Esa idea fascinó profundamente a los lectores de la época, porque Green comprendió algo esencial sobre aquella sociedad: cuanto más rígidas eran las apariencias sociales, más perturbador resultaba imaginar lo que podía ocultarse bajo ellas. Su impacto fue enorme. El caso Leavenworth, alcanzó cifras de venta extraordinarias para la época y convirtió a Green en una de las autoras de misterio más leídas del mundo anglosajón. De esta obra, tienen enlace directo en el primer comentario al audiolibro gratuito y sin anuncios,
Cuando Arthur Conan Doyle publicó Un Estudio en Escarlata en 1887 y presentó al mundo a Sherlock Holmes, Anna Katharine Green ya llevaba años desarrollando muchos de los elementos fundamentales de la novela policíaca moderna. Holmes terminaría convirtiéndose en una figura casi mítica, pero el detective creado por Green, Ebenezer Gryce, pertenecía a un mundo más discreto y más cercano al investigador real de finales del siglo XIX. No necesitaba exhibiciones teatrales de genialidad; avanzaba observando contradicciones, examinando testimonios y comprendiendo que las personas rara vez dicen toda la verdad, incluso cuando creen estar haciéndolo.

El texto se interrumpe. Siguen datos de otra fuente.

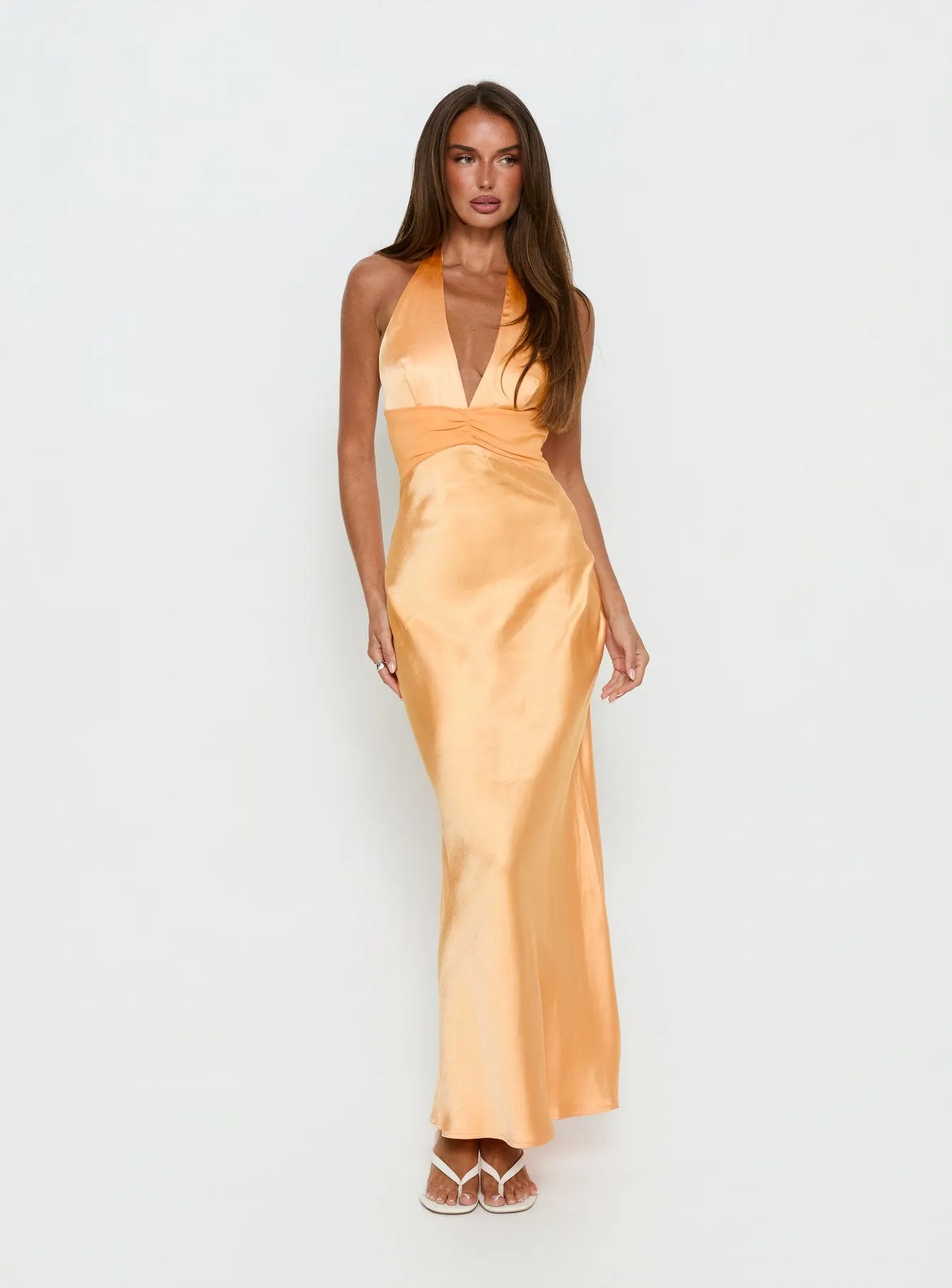 Sazenna Halter Plunge Maxi Dress Orange sold by Princess Polly product image thumbnail 3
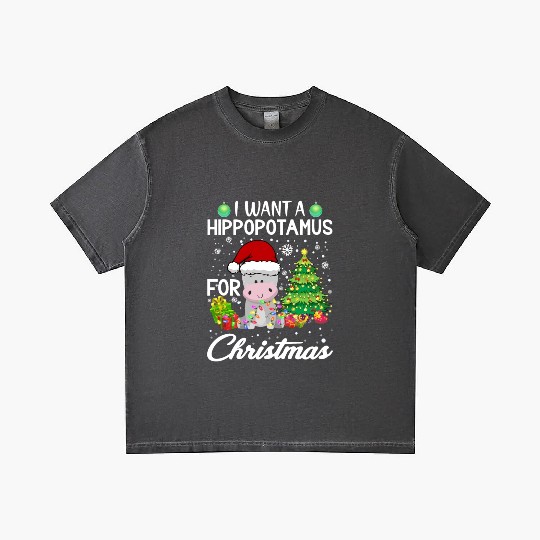I Want A Hippopotamus For Christmas Hippo Gradient T Shirts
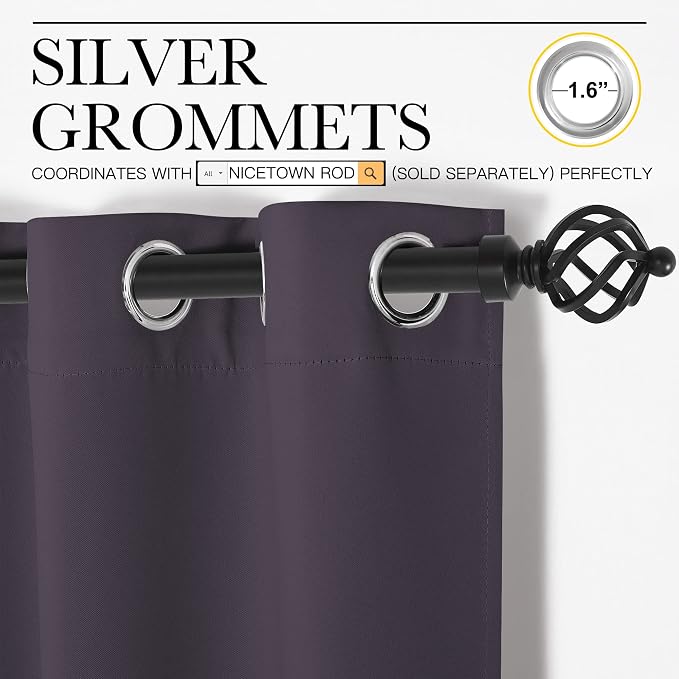NICETOWN Greyish Purple Blackout Curtains 96 inches Length - Image 2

Esa diferencia resulta especialmente interesante porque refleja también el estado real de la investigación criminal en aquella época. La policía victoriana estaba todavía lejos de los métodos modernos; Scotland Yard existía, pero las técnicas científicas seguían siendo limitadas y muchas investigaciones dependían todavía de confesiones, testimonios contradictorios o simples intuiciones. Precisamente por eso, las novelas de Anna Katharine Green resultaban tan innovadoras. Sus historias incorporaban pruebas circunstanciales, razonamientos legales, análisis balísticos y procedimientos de investigación con un nivel de detalle poco habitual en la ficción de finales del siglo XIX. El conocimiento que había adquirido a través del trabajo jurídico de su padre, daba a sus novelas una sensación de autenticidad extraordinaria para los lectores de la época.
Y quizá lo más interesante es que esa línea iniciada por Green terminaría proyectándose décadas después sobre otra gran figura del misterio: Agatha Christie. La mansión cerrada, los secretos familiares, las herencias, los múltiples sospechosos y la idea de que la respetabilidad social puede ocultar resentimientos profundos, aparecen ya claramente en las novelas de Green mucho antes de Poirot o Miss Marple. Aunque Christie convertiría el crimen en una construcción casi matemática, ambas compartían una misma intuición inquietante: el verdadero peligro rara vez llega desde fuera; suele sentarse silenciosamente en los propios salones.